Around the start of the novel’s second act, Subcutanean segues full-bore into the surreal. Recognizing that they have landed in a dimension just slightly left of center, Ryan and Niko attempt an alliance with their inter-dimensional simulacra in hopes of returning to the correct astral plane. Time spent where one clearly should not be apparently leads to migraines unendurable by either character. However, questions arise as to whether the other Ryan and Niko even want to return. So they must descend into The Downstairs, equipped with prepackaged snacks and glow sticks
How deep must our heroes foray to find the path home and how many versions of themselves block the way? As it turns out: many, all malign. Some are equally green and unsure while others have survived The Downstairs for decades committing acts of the foulest depravity.

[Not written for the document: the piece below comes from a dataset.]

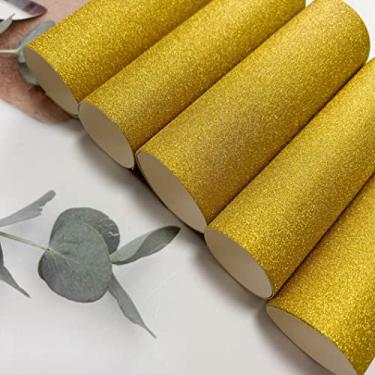 Imagem de 10 folhas de cartolina dourada com glitter, papel brilhante de um lado 21,6 cm x 28 cm, 300 g/m² de espessura para artesanato faça você mesmo, confecção de cartões, convites, Natal, casamento,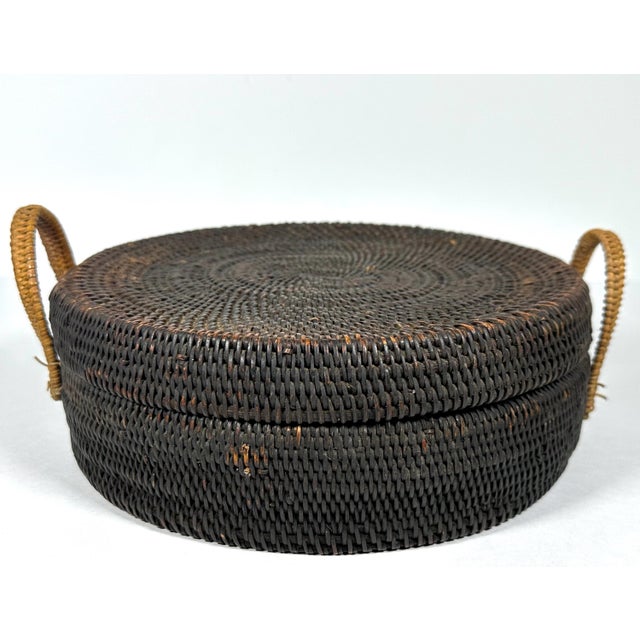 Native American Style Hand-Woven Lidded Basket for your consideration. The basket measures approx. 4 inches tall with...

Subcutanean is a story about inter-dimensional travel. It’s about the evils that nibble the corners of the quotidian ceaselessly until everything is crumbs. But at its core, it is a novel about friendship: about finding ourselves within the contours of our connection to others. Gazing out at the hellish Dis beneath his bed, Ryan’s thoughts turn towards his friend and the inter-personal sphere encompassing their relationship. Their link, and how unshakable, despite the wickedness inflicted on them and by them is the first ingredient in their exit recipe. It’s about how much braver they are together.
This is what Ryan considers when fleeing for his life, lost amidst limitless, violent, blandness. This is what’s contemplated while traversing grotesque Dali-esque visions of dorm rooms gone awry (one scene has them mounting enormous textbooks). It’s what saves them, as the struggle to escape the caverns threatening to engulf: “The pain doesn’t matter. It’d be worth it. You’re worth it. . . . I belong with you.” The words of best friends who are so much more than best friends. Because Subcutanean is also a story of the self and how immeasurably bolstered it is bathed in the warmth of those who care about us. In this light, hope is never gone. Ryan and Niko spend more than half the book lost in a sunless maze of menace and despair but they never stop searching for a way out. Even as gross distortions of themselves threaten and cajole, they are always best together. Together they can never die, their burden will lift. The novel ends in a beatification of friendship and humanity. And in that blazing clarity they climb—finally ascending the stairs. Rise to a plane Schopenhauer could only ruefully dismiss. Buzz and Woody in Purgatory: You’ve Got a Friend in Me.